Paas platforms of software publishers. (“Turn-key” cloud OCR)
For this solution, in the absence of any integration effort, the only cost is that of invoicing, depending on the number of documents processed.
Thus, for a low volume, the Pass Platform from software publishers is both the least expensive and the most efficient solution. On the other hand, for a high volume, it is the most expensive of all.

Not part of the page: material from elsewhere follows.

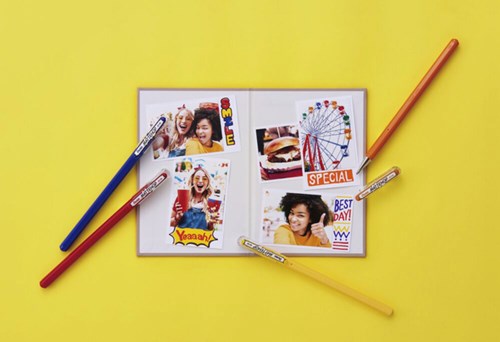 Gelschrijver Pentel K100 0,5mm Mattehop medium roze-3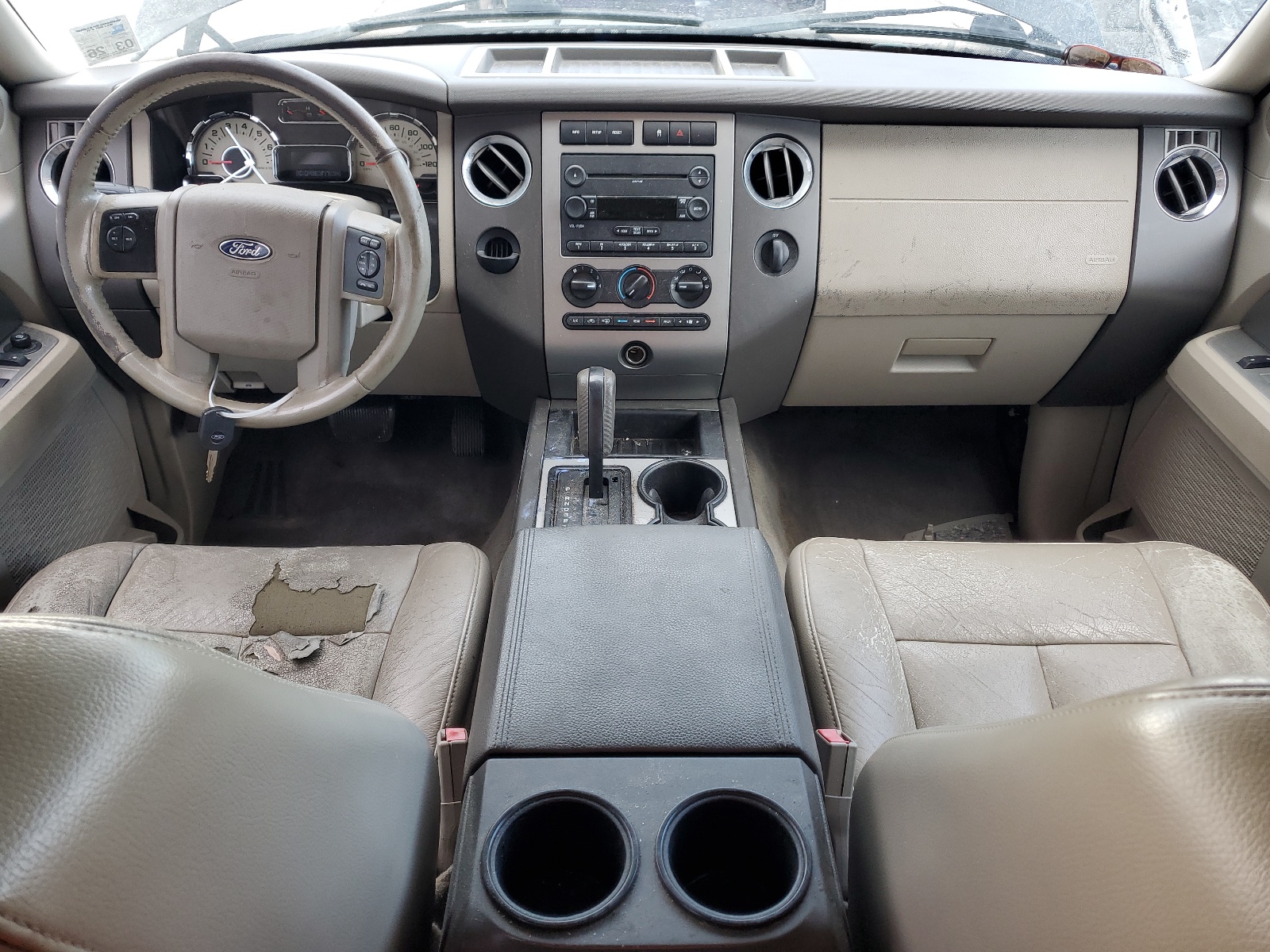 1FMJU1F56AEB72020 2010 Ford Expedition Xlt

It should also be noted that if the expected use falls outside the field for which the platform was designed, the added value provided by the semantic analysis proposed by the publisher becomes irrelevant and the platform loses its interest compared to generalist Paas platforms. For example, such a platform can save a company a lot of time when recognising supplier invoices if it has been designed for this purpose, but will lose its interest if the company wants to use it to recognise cash register receipts if the platform has not been designed for this purpose.
What to choose?
For a low volume or fairly standard requirement
Low enough that the invoiced cost of the Paas solution from the software publishers falls below the higher integration cost of the general-purpose Paas solution, or even of the Open Source OCR solution.
For high volume or very specific needs
High enough that the invoiced cost of the software package publisher’s PaaS solution is higher than the integration cost of the generalist PaaS solution and the open source OCR solution.
In summary, the choice between an open source solution, a general purpose PaaS platform service or a business software vendor PaaS platform service can be summarised as a « make or buy » decision.
Open source solutions have a low entry cost but require a major integration effort on the part of the company, with maintenance and operation of the solution being completely at the company’s expense. In our opinion, this approach can be justified for very specific needs or large volumes that allow the investment costs to be amortised.
The PaaS services of software publishers such as Oracle, on the other hand, have a much higher cost per use but are turnkey solutions that require little integration effort on the part of the company as well as little maintenance and operating effort because these are taken care of by the service provider. These services are relevant when one or more of the following criteria are met: need to implement the solution quickly, moderate volumes, fairly standard use cases covered by the platform.
The PaaS services of generalist publishers fall between the two; they allow the company to be relieved of the raw recognition component for a fairly moderate cost per use. On the other hand, the company will have to invest in an integration effort to deal with the semantic analysis dimension (via developments or possibly by using additional services offered by the SaaS platforms). This approach is often a good compromise because it allows the company to benefit from the scale effect and robustness of the generalist PaaS services and to concentrate on its specific component, which is generally semantic analysis.